Domestic team information
- 1974–1975: Oxford University
- 1976: Cambridge University
- 1978–1981: Bedfordshire

Career statistics
| Competition | First-class |
| Matches | 21 |
| Runs scored | 678 |
| Batting average | 16.53 |
| 100s/50s | 0/4 |
| Top score | 62 |
| Balls bowled | 6 |
| Wickets | 0 |
| Bowling average | – |
| 5 wickets in innings | – |
| 10 wickets in match | – |
| Best bowling | – |
| Catches/stumpings | 12/– |
- Source: Cricinfo, 16 November 2015

= David Jarrett =

English cricketer and schoolmaster

David William Jarrett (born 19 April 1952) is an English schoolmaster who was the first man to win cricket Blues for both Cambridge University and Oxford University. He attended Wellington College before matriculating at the University of Oxford. He served as headmaster of Reed's School in Cobham, Surrey, from 1997 to 2014.

==Cricket career==
Born in Bromsgrove, Worcestershire, Jarrett attended Wellington College, in Berkshire, where he played in the First XI, leading the batting in his final year, 1969, with 493 runs at an average of 37.92. He went up to Worcester College, Oxford, and played two seasons as a middle-order batsman in the Oxford cricket team. He achieved only moderate success, but won his Blue in 1975 and played a match-saving innings of 35 in the second innings against Cambridge after Oxford had lost five wickets cheaply. A few weeks later he began studies at St Catharine's College, Cambridge. In his first match for Cambridge, in April 1976, he made his highest first-class score, 62, after Cambridge had lost their first five wickets for 23 on the first morning against Essex. In the 1976 University match he made 56 in 190 minutes in the second innings in a vain attempt to deny Oxford victory. That was his last first-class match. He also won a hockey Blue at Cambridge.

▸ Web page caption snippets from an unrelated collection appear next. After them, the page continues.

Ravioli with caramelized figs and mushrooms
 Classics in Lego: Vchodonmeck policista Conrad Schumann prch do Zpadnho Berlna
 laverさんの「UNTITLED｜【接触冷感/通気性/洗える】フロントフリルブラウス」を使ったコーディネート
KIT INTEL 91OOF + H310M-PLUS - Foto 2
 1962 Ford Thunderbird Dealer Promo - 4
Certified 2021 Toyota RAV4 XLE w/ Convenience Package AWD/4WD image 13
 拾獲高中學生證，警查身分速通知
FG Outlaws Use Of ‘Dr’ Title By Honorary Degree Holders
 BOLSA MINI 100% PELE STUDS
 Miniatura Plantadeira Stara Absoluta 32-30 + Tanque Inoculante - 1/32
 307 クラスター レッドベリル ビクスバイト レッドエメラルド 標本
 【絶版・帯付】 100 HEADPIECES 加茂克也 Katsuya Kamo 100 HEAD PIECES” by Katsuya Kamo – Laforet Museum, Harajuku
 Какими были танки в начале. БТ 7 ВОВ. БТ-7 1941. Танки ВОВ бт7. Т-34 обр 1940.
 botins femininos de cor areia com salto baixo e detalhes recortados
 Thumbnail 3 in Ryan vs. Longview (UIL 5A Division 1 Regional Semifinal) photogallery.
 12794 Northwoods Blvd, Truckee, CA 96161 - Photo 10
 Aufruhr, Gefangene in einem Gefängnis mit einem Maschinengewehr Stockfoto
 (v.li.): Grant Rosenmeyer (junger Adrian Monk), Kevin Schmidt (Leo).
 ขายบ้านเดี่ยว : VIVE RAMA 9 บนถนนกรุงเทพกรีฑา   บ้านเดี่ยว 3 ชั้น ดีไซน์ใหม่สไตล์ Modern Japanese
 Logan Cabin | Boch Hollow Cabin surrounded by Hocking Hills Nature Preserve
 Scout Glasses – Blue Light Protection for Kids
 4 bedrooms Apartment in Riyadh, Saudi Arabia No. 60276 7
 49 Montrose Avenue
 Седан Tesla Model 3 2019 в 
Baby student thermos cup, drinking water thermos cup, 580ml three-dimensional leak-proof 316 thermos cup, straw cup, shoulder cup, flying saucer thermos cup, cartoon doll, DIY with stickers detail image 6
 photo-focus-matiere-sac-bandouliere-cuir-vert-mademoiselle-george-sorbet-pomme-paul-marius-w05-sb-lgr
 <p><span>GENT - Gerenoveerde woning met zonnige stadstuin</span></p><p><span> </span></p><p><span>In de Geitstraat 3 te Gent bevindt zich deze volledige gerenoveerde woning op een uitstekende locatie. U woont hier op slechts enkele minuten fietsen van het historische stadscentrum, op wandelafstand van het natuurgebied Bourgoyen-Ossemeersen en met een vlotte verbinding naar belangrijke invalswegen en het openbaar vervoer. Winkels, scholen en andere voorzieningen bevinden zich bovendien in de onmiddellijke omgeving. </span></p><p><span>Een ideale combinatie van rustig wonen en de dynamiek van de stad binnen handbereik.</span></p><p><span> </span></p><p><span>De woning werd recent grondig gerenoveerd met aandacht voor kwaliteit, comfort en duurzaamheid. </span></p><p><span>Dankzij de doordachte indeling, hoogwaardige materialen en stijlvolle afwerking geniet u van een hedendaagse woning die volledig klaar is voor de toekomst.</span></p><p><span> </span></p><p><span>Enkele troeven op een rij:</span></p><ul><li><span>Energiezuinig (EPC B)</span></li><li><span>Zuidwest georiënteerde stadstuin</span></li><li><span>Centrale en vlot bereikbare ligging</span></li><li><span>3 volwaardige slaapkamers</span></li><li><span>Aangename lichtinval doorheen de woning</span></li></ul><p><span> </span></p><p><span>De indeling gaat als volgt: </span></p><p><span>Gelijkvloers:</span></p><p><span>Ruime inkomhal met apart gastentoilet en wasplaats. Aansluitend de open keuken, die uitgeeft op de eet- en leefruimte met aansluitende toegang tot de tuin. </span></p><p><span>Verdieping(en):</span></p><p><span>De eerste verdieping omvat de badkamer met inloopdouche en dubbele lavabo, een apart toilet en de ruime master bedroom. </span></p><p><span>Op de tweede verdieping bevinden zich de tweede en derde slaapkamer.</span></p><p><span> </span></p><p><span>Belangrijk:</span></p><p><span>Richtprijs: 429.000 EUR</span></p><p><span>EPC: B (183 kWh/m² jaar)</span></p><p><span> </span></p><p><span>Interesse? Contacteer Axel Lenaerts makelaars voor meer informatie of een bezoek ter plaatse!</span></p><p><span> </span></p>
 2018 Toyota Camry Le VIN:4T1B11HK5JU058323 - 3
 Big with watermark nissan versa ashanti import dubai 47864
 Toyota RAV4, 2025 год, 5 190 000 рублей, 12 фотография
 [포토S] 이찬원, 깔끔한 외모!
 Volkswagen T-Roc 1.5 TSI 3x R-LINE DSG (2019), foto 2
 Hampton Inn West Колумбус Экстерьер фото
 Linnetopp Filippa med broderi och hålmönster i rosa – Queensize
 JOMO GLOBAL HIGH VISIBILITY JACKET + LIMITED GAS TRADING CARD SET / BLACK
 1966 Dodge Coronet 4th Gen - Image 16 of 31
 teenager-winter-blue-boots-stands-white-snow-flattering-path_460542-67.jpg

He played a few matches for Worcestershire Second XI in 1976 and 1977, scoring a century against Yorkshire Second XI at Headingley in 1976. He played Minor Counties cricket for Bedfordshire in 1978 and 1981.

==Teaching career==
Jarrett taught Classics for 20 years at Bedford School, where he was also master-in-charge of cricket. In 1997 he became headmaster at Reed's School in Cobham, Surrey, and served in that position until his retirement in 2014. In 1996 Reed's was ranked 671st in the national league tables for independent schools; by 2011 it had risen to 88th. He also raised the standard of cricket at Reed's, where an indoor cricket centre has been named in his honour.

He and his wife Anne have two children.